Please transcribe exactly the line that holds "Closest Closet cashback" and all lines that follow it to the end of the records below, omitting any pictures.

The input section start

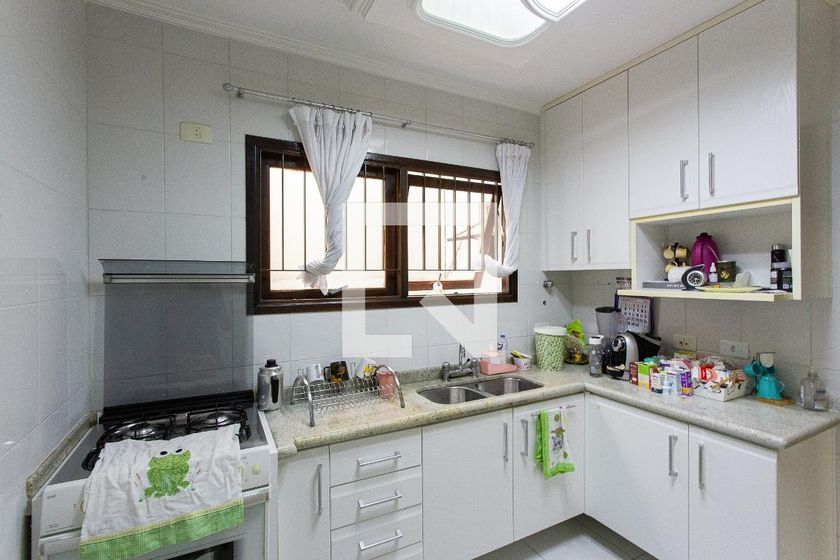 Casa, 3 quartos, 219 m² - Foto 79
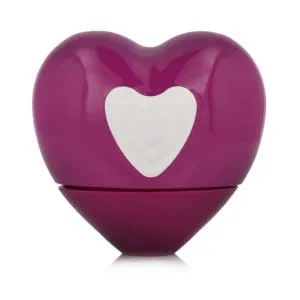 Escada Party Love woda perfumowana dla kobiet
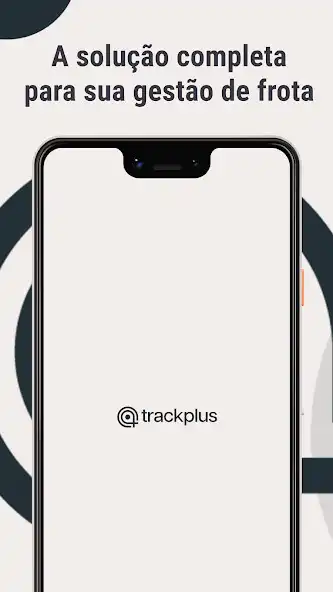 Play Trackplus PRO and enjoy Trackplus PRO with UptoPlay Play Trackplus PRO and enjoy Trackplus PRO with UptoPlay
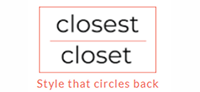 Closest Closet cashback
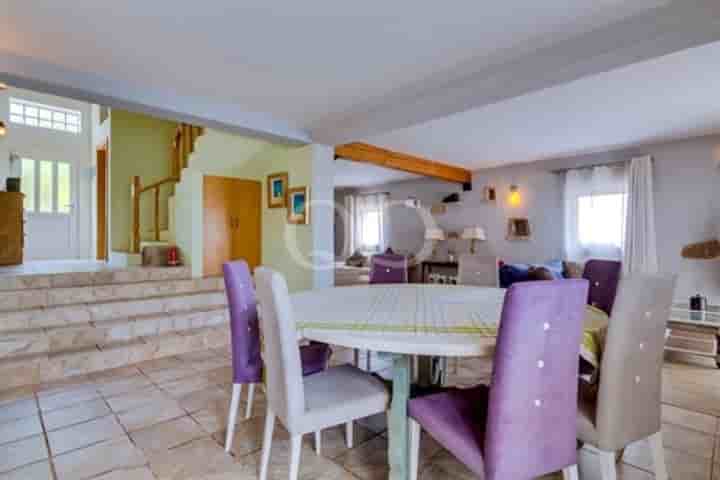 House for sale in Quarteira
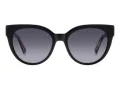 Kate Spade Lunettes de Soleil KS Javana/G/S 807/9O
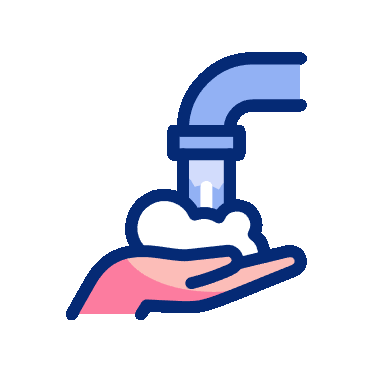 WASH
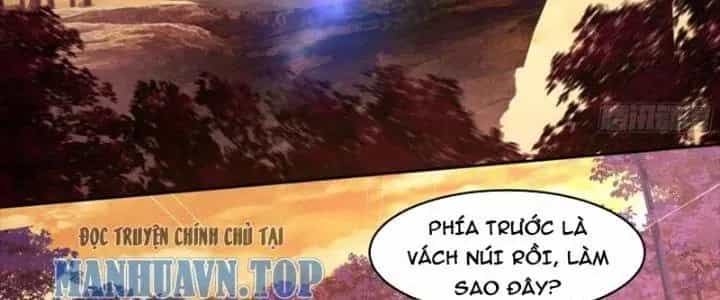 Ta Diệt Sát Chúng Thần - Chương 97 - ảnh 132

The input section end

● Answer section
 Closest Closet cashback
 House for sale in Quarteira
 Kate Spade Lunettes de Soleil KS Javana/G/S 807/9O
 WASH
 Ta Diệt Sát Chúng Thần - Chương 97 - ảnh 132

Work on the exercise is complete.